Drama students at Legacy Visual and Performing Arts High School in South Gate took an emotional trip down memory lane with the recent production of “Real Life: A 25-Year Musical Revival,” an updated version of a musical that Principal Ed Trimis wrote while he was teaching at Huntington Park High School in 1993.
The original musical that Trimis produced during the early years of his career was based on monologues his students at Huntington Park High wrote about their life experiences. Many of those roles were included in the revival, along with new characters and songs that reflect the challenges and triumphs facing students at VAPA.
“It really is probably the closest to time travel I will ever get,” Trimis said during a recent interview. “Seeing these gifted kids singing songs that were written 25 years ago, I can’t help remember the original cast and that first ‘Real Life’ experience. The stories are really universal – divorce, prejudice, first love, the joy of performance, loss of loved ones. Our VAPA kids are telling their own stories – and stories of the original cast – but, in many cases, they are everyone’s stories.”
A show-within-a-show, “Real Life” depicts students auditioning for an upcoming play in which they have to perform a monologue based on a real-life experience. A cast of seven performers play 21 roles, depicting stories of happiness, heartache, tragedy and enlightenment. Ten songs from the original production and five new numbers complement the stories.
VAPA student Jessica Nava performed “Eighth-grade Graduation by Kuwanda,” recalling a young girl’s happiness as she stood on the brink of adulthood.
“It was when I graduated from junior high school,” Kuwanda says. “I was wearing this gorgeous, flowered gown and, not meaning to brag, but I was stunning! The dress was pale pink with lightly colored flowers. It was sleeveless – my first sleeveless dress, believe it or not – and it only covered half of my back. It was puffy because of all the chiffon in it. I also wore high heels for the first time and carried a matching gold bag. This was the first time I really felt like I was growing up! My parents looked so proud of me…they even bought me carnations! All of the girls looked beautiful. We no longer felt like ‘plain Janes.’ This day was the best day of all my teenage existence!”
She and the cast then sing Tremis’ song titled “Today,” with lyrics that underscore Kuwanda’s aspirations:
“The day comes around when we must get out,
We’re ready, but unsure.
The day’s really here when we’ll spread our wings,
The day when the future is ours.”
“Real Life” was a production of the VAPA Musical Theater Workshop, in which students write original works for musical theater.
Maria Hernandez joined the after-school playwriting program as a sophomore and quickly found her niche. As a junior, she and classmate Jessica Nava co-produced “Real Life” with Trimis and also performed in the musical. At the same time, they wrote “Grandma’s Keeper,” which will be produced at VAPA next year.
”Writing monologues about my happiest and or saddest days in my life was fairly easy,” Hernandez said.

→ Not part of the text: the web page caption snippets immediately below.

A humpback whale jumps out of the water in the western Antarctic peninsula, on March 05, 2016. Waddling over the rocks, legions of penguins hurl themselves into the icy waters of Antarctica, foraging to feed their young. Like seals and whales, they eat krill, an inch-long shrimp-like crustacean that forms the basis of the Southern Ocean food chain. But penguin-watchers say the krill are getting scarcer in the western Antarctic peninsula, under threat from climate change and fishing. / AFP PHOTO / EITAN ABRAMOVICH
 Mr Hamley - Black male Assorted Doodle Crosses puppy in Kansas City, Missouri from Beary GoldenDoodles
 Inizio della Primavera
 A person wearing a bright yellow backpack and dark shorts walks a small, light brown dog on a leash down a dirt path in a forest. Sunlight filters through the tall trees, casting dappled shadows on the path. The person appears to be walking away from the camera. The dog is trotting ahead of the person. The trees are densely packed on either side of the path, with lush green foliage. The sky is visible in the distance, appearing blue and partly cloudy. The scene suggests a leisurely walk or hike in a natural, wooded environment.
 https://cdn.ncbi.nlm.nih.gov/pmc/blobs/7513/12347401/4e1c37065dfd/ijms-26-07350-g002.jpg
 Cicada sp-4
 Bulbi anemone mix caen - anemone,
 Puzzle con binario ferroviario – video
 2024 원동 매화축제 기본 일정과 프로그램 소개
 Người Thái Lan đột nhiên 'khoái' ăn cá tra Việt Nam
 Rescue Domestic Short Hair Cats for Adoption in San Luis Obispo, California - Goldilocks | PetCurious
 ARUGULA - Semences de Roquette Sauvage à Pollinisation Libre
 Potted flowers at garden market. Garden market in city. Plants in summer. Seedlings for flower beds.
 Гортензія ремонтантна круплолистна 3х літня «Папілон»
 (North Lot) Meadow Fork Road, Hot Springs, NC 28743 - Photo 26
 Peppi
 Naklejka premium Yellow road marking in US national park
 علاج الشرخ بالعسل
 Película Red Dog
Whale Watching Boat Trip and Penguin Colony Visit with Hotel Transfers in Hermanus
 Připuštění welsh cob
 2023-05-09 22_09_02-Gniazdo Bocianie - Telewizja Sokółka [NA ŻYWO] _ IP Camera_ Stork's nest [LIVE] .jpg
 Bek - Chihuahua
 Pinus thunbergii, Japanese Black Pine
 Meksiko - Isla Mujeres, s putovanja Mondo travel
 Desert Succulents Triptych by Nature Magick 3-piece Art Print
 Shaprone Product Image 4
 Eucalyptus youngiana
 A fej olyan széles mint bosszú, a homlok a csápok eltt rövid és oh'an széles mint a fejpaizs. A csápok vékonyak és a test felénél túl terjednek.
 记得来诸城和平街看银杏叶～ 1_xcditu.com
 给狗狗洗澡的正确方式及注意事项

Nava portrayed five characters in “Real Life,” including one named Christy, whose parents broke up on her 14th birthday. She was thrilled when, on the night of the production, she got to meet Christina Nandino, who had played Christy in the 1993 musical and came to watch the revival.
“When you said my monologue and sang the song, I started to cry,” Nandino told Nava. “It immediately brought me back to that day, that moment, on my 14th birthday and to the ‘Real Life’ production in 1993.”